Data to use:

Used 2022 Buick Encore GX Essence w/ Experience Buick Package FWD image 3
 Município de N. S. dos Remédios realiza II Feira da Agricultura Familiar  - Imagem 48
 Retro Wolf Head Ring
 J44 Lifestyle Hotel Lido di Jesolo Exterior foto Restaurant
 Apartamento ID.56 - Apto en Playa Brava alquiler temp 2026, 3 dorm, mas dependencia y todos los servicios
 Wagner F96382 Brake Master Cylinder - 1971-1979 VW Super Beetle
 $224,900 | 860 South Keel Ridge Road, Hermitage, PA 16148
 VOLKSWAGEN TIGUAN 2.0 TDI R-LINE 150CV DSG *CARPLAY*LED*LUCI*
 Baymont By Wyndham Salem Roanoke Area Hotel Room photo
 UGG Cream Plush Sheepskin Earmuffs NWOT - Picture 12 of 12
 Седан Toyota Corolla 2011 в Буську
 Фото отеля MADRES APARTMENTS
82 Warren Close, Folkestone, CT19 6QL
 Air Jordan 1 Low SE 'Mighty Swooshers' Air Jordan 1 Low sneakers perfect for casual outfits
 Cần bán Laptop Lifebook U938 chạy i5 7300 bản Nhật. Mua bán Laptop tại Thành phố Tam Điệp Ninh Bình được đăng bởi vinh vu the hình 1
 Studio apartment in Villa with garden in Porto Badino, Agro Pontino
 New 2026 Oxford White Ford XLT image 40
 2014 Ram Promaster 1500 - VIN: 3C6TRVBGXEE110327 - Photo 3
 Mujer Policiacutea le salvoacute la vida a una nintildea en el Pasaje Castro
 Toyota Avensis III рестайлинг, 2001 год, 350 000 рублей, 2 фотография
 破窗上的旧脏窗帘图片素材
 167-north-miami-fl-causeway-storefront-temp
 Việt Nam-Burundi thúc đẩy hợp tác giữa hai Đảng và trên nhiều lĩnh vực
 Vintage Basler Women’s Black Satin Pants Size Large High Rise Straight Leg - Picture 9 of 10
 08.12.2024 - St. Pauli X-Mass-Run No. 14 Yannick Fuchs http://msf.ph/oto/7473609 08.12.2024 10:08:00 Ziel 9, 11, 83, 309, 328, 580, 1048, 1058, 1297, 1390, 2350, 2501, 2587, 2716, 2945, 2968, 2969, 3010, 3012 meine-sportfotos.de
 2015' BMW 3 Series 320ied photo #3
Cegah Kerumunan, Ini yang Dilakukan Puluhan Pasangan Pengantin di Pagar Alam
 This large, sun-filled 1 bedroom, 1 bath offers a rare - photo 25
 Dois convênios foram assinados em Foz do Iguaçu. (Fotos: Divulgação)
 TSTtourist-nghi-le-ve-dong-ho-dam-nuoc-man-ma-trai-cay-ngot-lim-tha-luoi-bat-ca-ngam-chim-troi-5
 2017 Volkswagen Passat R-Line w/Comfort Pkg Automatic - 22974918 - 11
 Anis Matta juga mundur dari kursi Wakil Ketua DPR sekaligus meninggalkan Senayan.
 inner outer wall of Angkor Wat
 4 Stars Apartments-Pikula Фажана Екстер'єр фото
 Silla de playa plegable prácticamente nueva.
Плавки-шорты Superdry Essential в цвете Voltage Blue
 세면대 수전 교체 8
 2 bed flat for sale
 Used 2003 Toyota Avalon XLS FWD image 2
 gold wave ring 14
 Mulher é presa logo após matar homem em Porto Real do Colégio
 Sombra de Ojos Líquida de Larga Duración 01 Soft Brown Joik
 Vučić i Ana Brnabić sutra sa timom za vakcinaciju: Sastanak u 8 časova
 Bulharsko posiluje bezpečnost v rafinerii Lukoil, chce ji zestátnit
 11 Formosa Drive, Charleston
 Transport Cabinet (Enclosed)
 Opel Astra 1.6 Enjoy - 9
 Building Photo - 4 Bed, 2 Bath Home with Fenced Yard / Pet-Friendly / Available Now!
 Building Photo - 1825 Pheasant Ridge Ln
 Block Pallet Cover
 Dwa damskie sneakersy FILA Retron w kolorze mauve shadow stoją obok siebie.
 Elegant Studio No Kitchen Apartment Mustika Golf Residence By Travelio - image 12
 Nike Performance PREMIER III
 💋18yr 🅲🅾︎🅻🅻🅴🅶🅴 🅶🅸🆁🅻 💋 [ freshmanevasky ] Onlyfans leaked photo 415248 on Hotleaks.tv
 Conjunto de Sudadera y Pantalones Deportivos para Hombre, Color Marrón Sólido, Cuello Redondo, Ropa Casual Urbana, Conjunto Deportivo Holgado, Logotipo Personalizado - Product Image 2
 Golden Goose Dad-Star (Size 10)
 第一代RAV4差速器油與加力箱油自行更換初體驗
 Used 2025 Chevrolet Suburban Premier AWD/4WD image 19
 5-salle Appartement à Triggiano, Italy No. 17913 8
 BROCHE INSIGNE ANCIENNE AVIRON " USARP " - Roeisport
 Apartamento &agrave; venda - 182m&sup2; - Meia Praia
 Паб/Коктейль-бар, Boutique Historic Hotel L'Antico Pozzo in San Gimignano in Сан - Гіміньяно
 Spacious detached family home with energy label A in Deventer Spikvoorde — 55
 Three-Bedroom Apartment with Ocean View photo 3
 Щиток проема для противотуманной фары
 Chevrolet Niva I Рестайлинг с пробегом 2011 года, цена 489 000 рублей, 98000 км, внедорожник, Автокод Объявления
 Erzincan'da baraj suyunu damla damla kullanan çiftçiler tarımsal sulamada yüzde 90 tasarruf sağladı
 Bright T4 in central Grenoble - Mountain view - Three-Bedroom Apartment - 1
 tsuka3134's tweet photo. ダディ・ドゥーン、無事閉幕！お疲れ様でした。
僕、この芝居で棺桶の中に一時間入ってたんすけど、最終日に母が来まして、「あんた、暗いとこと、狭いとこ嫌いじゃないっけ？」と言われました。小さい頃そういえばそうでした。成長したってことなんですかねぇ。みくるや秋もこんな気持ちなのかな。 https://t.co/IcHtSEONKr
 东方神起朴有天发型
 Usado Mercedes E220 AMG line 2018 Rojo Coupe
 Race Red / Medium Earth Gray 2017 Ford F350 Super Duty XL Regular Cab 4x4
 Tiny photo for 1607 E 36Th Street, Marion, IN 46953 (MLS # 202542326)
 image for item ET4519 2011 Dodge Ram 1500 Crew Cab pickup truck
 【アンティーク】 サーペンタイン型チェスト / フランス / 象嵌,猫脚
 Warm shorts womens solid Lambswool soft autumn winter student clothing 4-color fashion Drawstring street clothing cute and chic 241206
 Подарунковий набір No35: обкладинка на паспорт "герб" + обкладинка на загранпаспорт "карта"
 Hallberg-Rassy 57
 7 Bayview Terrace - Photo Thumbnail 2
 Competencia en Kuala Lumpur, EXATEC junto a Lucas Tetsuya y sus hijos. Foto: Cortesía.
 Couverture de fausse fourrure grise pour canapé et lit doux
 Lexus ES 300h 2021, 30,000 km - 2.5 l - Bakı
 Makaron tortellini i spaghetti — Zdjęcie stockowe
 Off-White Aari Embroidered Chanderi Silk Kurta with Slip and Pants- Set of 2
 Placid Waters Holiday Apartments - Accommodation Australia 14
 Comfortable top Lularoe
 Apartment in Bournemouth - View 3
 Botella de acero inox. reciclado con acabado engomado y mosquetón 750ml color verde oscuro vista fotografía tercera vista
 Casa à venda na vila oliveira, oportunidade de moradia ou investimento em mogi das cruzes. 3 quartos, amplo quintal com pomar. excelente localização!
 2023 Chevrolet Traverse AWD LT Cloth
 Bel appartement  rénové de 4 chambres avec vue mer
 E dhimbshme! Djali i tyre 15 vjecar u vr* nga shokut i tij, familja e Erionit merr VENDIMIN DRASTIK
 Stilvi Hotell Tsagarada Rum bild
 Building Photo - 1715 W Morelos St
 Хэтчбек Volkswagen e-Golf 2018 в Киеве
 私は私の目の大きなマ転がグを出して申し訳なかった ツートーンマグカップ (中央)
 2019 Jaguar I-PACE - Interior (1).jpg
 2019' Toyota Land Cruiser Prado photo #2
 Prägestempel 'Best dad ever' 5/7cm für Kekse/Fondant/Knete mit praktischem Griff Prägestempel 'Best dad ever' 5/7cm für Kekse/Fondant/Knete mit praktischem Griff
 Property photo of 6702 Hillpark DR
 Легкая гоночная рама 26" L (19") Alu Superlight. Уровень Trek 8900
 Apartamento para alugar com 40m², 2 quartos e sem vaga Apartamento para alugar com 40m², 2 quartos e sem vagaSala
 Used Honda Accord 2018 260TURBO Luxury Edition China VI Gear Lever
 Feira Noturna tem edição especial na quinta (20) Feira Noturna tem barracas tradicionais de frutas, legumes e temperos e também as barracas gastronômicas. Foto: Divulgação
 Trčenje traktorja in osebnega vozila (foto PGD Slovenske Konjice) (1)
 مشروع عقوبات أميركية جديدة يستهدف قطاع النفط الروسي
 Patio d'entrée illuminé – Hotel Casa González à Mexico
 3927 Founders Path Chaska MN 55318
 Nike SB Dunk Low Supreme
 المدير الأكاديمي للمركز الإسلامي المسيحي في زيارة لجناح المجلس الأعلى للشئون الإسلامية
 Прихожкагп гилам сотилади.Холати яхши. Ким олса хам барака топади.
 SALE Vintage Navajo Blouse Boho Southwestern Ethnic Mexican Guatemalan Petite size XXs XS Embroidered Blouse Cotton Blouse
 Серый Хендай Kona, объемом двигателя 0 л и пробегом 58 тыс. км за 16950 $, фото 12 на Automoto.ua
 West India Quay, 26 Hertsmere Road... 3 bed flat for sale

Your goal: Each line from the start of the listing above through the line containing "J44 Lifestyle Hotel" should be copied exactly, please, with no other lines added.

Output of the task:
Used 2022 Buick Encore GX Essence w/ Experience Buick Package FWD image 3
 Município de N. S. dos Remédios realiza II Feira da Agricultura Familiar  - Imagem 48
 Retro Wolf Head Ring
 J44 Lifestyle Hotel Lido di Jesolo Exterior foto Restaurant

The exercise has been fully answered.